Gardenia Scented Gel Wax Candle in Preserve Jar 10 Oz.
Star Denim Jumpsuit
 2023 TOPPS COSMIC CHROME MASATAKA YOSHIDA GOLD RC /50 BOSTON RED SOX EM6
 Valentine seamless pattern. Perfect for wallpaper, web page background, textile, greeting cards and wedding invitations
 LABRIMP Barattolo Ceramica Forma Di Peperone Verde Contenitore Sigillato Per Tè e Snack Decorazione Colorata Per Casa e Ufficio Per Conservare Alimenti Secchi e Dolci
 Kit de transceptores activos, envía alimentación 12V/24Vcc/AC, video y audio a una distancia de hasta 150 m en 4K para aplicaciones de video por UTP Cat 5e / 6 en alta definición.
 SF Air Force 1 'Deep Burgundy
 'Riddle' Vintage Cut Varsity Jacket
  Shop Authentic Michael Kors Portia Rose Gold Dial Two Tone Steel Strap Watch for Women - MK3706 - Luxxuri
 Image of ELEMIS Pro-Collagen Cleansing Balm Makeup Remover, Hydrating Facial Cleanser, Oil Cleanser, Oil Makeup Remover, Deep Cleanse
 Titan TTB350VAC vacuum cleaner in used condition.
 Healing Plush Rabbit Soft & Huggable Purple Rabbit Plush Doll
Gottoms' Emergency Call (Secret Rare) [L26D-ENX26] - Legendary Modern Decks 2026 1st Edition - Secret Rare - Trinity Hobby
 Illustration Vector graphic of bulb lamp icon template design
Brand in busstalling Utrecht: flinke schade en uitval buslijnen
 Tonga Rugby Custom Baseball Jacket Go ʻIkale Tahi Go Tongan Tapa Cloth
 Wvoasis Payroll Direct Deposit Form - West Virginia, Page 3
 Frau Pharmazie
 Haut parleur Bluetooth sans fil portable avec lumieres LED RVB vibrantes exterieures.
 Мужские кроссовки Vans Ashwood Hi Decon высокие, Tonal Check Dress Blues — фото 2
• • •
WORK REQUIRED ▸
Copy every line of the material in which the word "Jacket" occurs.

RESPONSE ▸
 'Riddle' Vintage Cut Varsity Jacket
 Tonga Rugby Custom Baseball Jacket Go ʻIkale Tahi Go Tongan Tapa Cloth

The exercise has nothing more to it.